» **TASK MATERIAL**

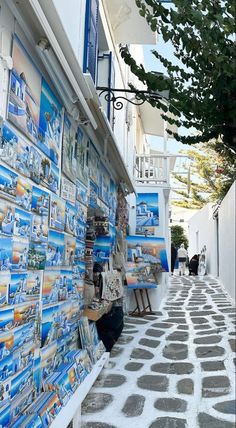 an alley way with many pictures on the wall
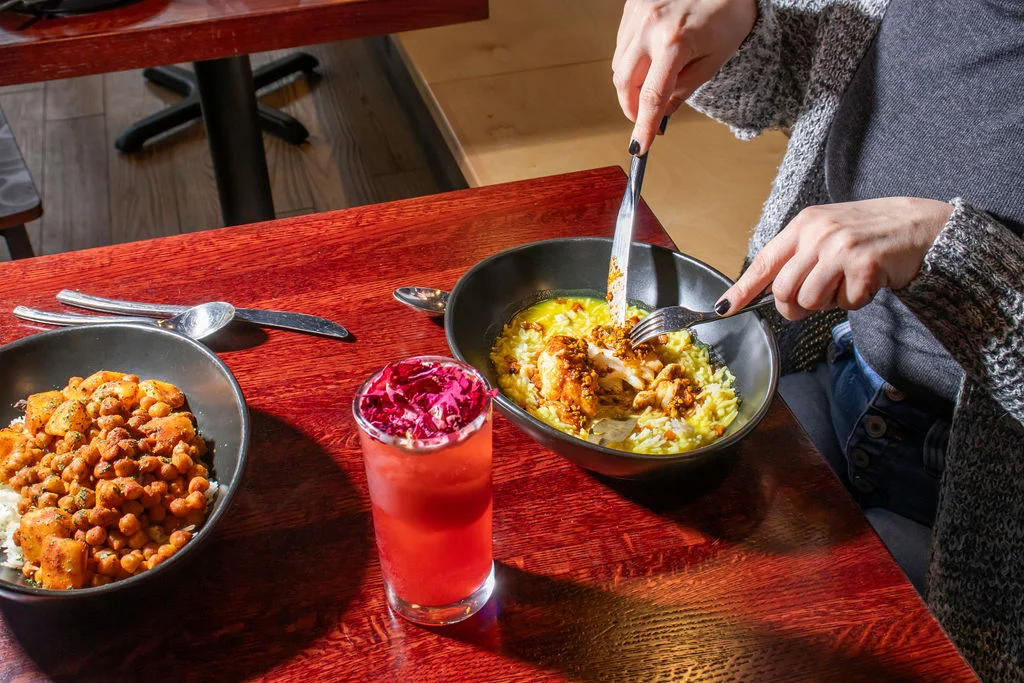Flavorful Indian biryani served with a refreshing drink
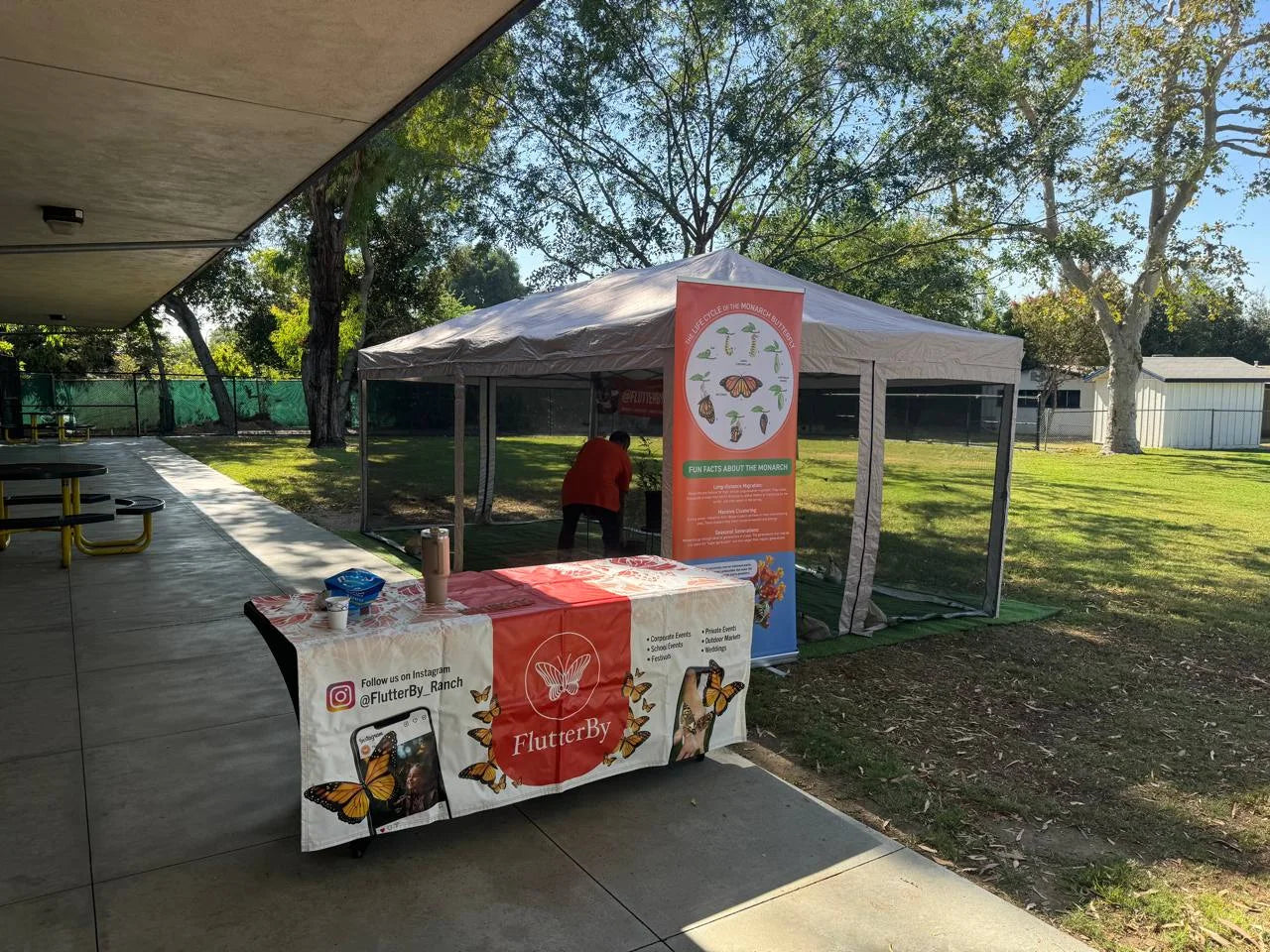 The exhibit under a shaded walkway at a public park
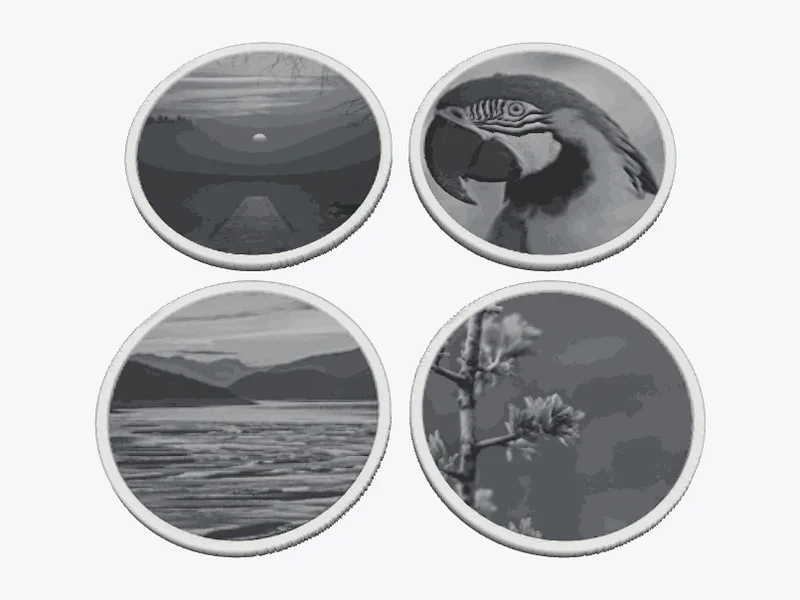 3D model of four round coasters with four different photos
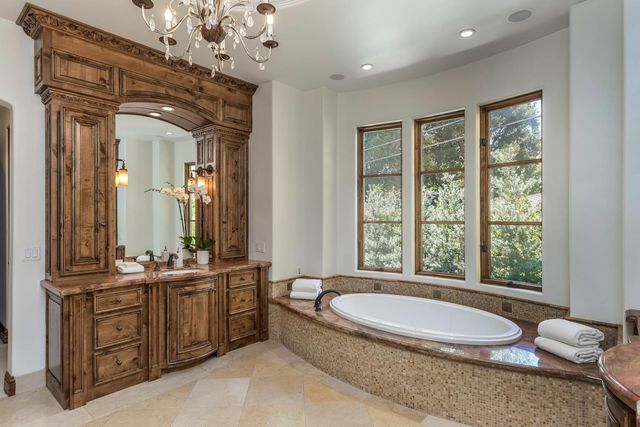 a spacious bathroom with a granite countertop tub sink and mirror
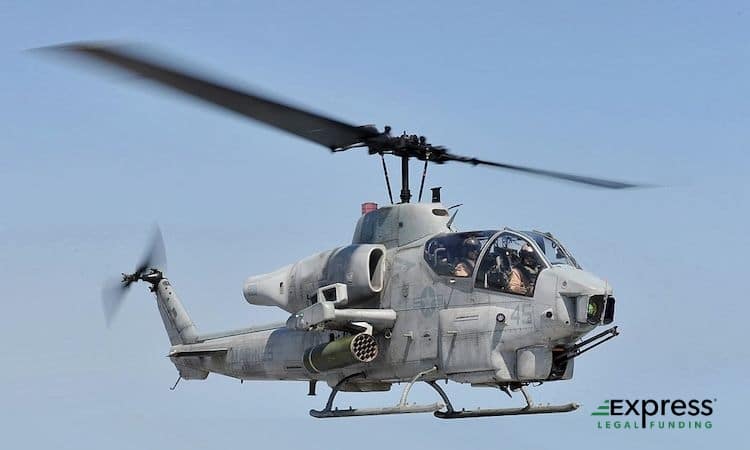 An AH-1W Super Cobra Military Helicopter Taking Off.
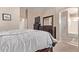 Cozy main bedroom featuring a dark wood dresser, a TV, and an ensuite bathroom at 22683 N Aaron Rd, Maricopa, AZ 85138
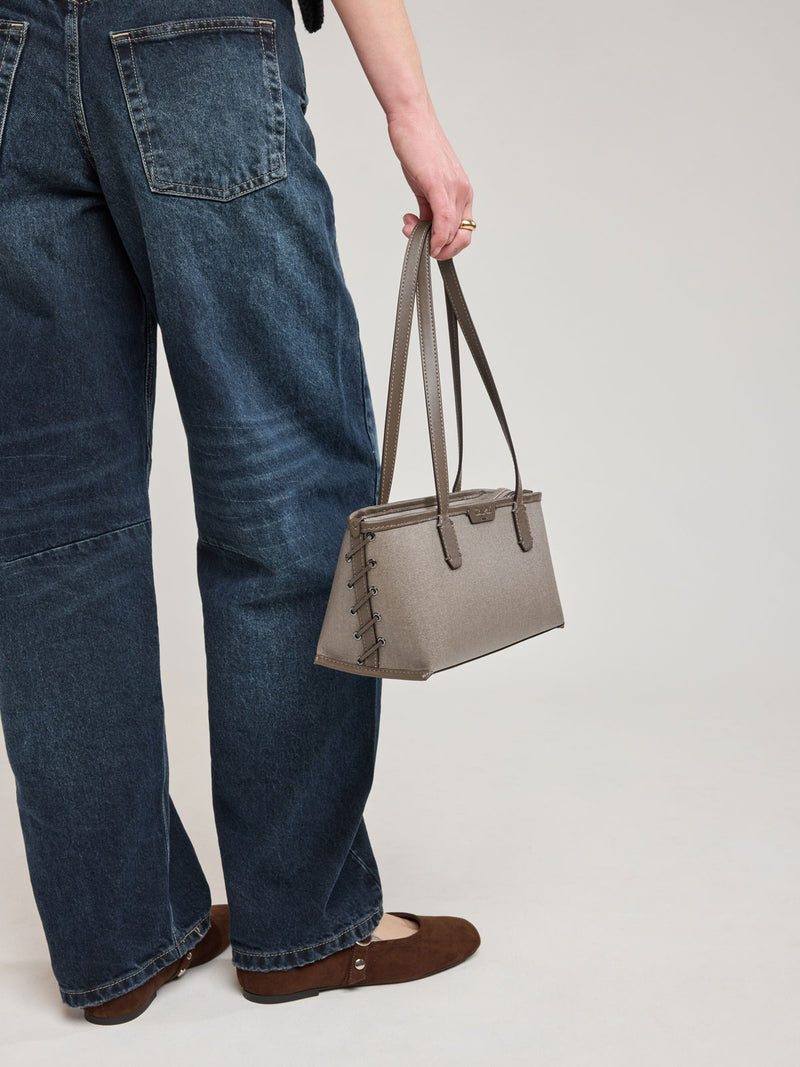 Woman holding CALPAK Colette Canvas Shoulder Tote in brown Mushroom canvas material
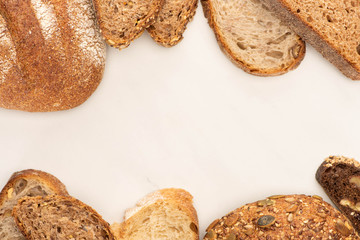 top view of fresh brown bread slices and loaves on white background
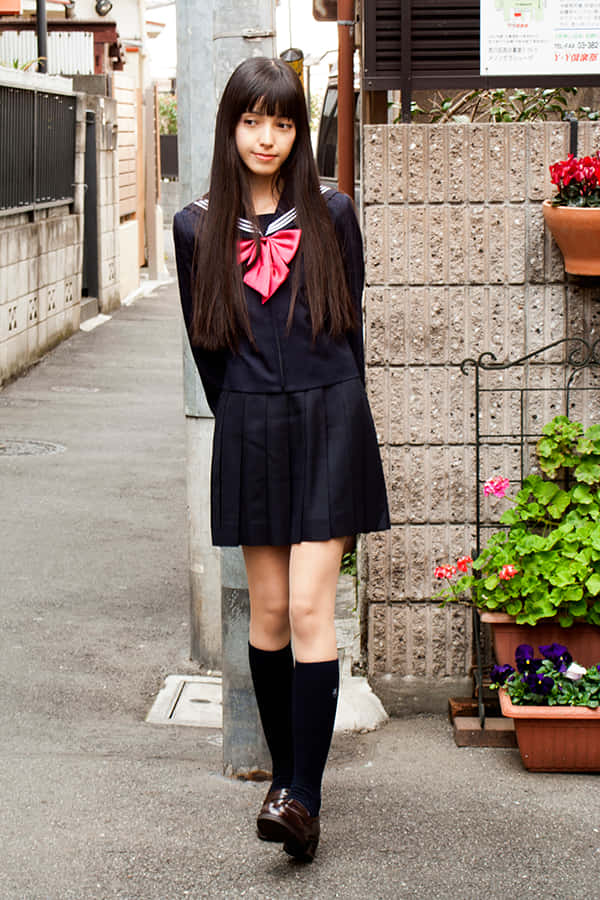 Japanese School Girl In Alley Background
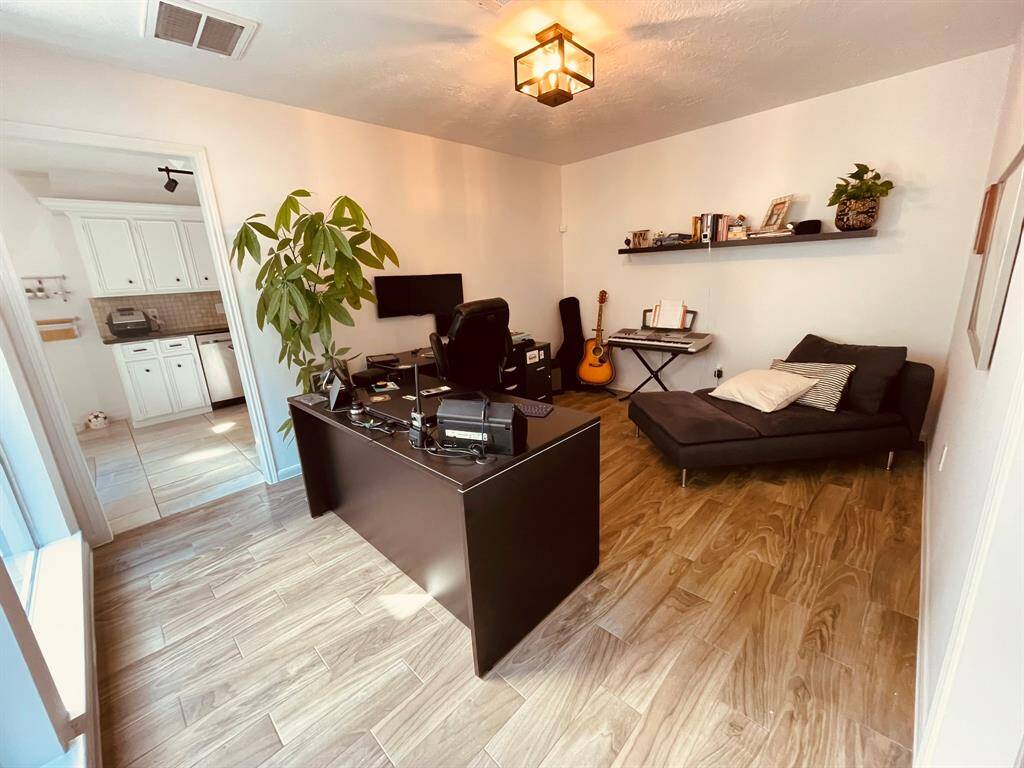 Formal dining area, currently used as a home office.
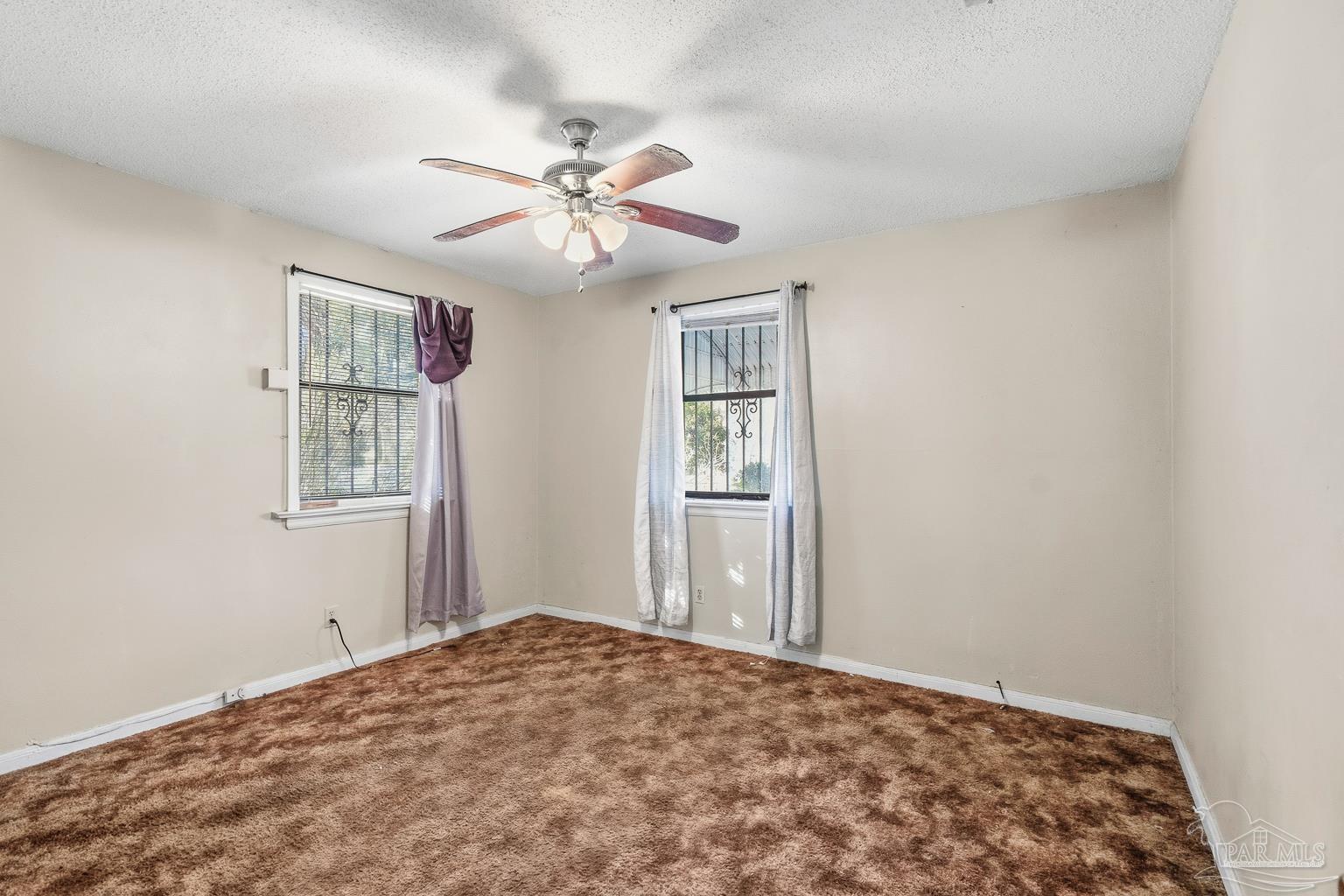 1920 North Spring Street Pensacola, FL 32501 - Photo 24 of 43 a bedroom with a bed and a window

» **THE TASK**
Keep out the pictures, and copy exactly the lines from the one that contains "The exhibit under" through the final line of the records above, both ends included.

» **ANSWER TO THIS TASK**
 The exhibit under a shaded walkway at a public park
 3D model of four round coasters with four different photos
 a spacious bathroom with a granite countertop tub sink and mirror
 An AH-1W Super Cobra Military Helicopter Taking Off.
 Cozy main bedroom featuring a dark wood dresser, a TV, and an ensuite bathroom at 22683 N Aaron Rd, Maricopa, AZ 85138
 Woman holding CALPAK Colette Canvas Shoulder Tote in brown Mushroom canvas material
 top view of fresh brown bread slices and loaves on white background
 Japanese School Girl In Alley Background
 Formal dining area, currently used as a home office.
 1920 North Spring Street Pensacola, FL 32501 - Photo 24 of 43 a bedroom with a bed and a window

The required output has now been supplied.